A quick overview of firm-wide time tracking and utilization to monitor productivity and workload balance.

Written by Devanshi Kackar
Updated over 3 weeks ago

Time Insights gives firm leadership real-time visibility into how work, billing, and revenue move through the practice. All data reflects team-wide activity (not a single user), allowing you to evaluate firm-level performance, compare roles and time periods, and spot operational trends.

Firm Owners and Admins can use these dashboards to shift from reactive reporting to proactive management — identifying billing gaps, workload imbalances, and potential revenue risk early.

To access All Insights

  1. Go to Activities in the left navigation

  2. Click Insights

  3. Select All Insights

You can also customize the dashboard by rearranging charts and selecting a reporting period.

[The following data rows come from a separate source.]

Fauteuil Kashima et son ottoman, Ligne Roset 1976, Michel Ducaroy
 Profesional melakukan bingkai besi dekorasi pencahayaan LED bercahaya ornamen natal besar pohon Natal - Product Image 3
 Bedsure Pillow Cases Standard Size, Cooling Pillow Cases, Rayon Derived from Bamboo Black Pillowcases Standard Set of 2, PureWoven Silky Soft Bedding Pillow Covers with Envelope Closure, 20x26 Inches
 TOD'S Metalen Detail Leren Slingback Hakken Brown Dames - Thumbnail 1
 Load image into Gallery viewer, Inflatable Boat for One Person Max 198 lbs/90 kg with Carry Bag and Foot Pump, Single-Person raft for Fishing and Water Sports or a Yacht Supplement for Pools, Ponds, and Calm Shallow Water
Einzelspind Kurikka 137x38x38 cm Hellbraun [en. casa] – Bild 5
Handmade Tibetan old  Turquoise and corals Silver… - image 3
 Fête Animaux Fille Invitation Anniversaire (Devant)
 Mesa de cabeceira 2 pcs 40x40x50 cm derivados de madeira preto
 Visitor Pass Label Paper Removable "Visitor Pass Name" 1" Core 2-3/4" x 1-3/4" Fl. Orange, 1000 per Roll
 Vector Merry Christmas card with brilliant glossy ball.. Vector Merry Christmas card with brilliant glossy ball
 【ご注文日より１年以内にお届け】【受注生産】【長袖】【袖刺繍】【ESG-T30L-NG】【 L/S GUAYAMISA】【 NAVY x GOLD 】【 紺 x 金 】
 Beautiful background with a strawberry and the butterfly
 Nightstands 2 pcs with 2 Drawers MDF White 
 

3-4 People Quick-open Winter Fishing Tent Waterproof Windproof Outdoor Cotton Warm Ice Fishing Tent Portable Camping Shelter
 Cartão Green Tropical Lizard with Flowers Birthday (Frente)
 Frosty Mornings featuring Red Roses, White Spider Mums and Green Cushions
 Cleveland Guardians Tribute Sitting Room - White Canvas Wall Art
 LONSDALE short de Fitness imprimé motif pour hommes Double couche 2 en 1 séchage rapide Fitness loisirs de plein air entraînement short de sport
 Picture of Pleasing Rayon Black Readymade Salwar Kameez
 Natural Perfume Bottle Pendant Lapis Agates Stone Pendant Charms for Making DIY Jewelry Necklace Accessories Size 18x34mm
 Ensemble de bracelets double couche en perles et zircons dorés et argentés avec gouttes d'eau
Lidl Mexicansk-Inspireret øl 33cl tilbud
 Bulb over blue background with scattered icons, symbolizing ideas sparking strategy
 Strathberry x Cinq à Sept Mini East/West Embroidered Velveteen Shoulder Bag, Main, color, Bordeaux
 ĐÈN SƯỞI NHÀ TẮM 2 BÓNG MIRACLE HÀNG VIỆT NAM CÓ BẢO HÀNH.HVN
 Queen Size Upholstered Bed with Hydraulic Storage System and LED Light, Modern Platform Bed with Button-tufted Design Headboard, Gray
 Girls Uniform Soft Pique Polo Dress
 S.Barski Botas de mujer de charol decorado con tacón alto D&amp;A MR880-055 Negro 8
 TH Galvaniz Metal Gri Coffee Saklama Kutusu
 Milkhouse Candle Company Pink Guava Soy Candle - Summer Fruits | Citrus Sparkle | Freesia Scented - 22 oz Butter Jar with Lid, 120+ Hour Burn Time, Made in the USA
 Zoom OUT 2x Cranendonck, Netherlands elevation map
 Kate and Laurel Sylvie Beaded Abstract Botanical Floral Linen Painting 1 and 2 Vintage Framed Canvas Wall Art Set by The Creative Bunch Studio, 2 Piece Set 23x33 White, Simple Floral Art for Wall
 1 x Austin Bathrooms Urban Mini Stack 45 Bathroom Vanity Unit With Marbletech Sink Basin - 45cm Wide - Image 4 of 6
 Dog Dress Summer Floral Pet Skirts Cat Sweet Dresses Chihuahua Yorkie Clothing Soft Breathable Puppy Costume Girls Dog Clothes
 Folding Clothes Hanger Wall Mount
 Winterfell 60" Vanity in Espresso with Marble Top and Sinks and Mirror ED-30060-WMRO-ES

1. Firm Billable Target Progress

The Firm Billable Target Progress chart helps firm leadership track how the firm is performing against its overall billable targets over time. It provides a clear view of expected work versus actual work completed. By highlighting performance trends and gaps early, it supports more informed staffing and planning decisions and reduces unexpected shortfalls at quarter-end or year-end.

What you’re seeing at a glance

  • Bars

    • Total Billable Time — billable work recorded across the firm for each period

    • Firm Billing Gap — remaining billable work needed to meet the target. A positive gap indicates the firm is behind target for that period

  • Line

    • Firm Billable Target — the firm’s expected billable goal for the selected period. Calculated as the sum of individual billable targets set for users by themselves or by a firm admin

  • View options

    • Switch between Hours and Amount

    • View Monthly, Quarterly, or Annually

    • Navigate to previous periods to review historical performance

How to read the chart

  1. Start with the current period.

  2. Compare the Total Billable Time bar to the Firm Billable Target line.

  3. Review the Firm Billing Gap bar to see how much work is still required.

If the Total Billable Time reaches or exceeds the target line, the firm is on track for that period.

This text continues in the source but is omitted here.